### THE PROBLEM
Could you write out every entry exactly as it stands?

### SOURCE DATA
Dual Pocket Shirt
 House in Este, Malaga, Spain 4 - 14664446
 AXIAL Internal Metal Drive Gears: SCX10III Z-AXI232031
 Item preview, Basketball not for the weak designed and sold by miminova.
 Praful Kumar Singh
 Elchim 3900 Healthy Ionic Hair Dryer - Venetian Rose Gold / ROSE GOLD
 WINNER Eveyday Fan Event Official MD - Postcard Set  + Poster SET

### RESPONSE AREA
Dual Pocket Shirt
 House in Este, Malaga, Spain 4 - 14664446
 AXIAL Internal Metal Drive Gears: SCX10III Z-AXI232031
 Item preview, Basketball not for the weak designed and sold by miminova.
 Praful Kumar Singh
 Elchim 3900 Healthy Ionic Hair Dryer - Venetian Rose Gold / ROSE GOLD
 WINNER Eveyday Fan Event Official MD - Postcard Set  + Poster SET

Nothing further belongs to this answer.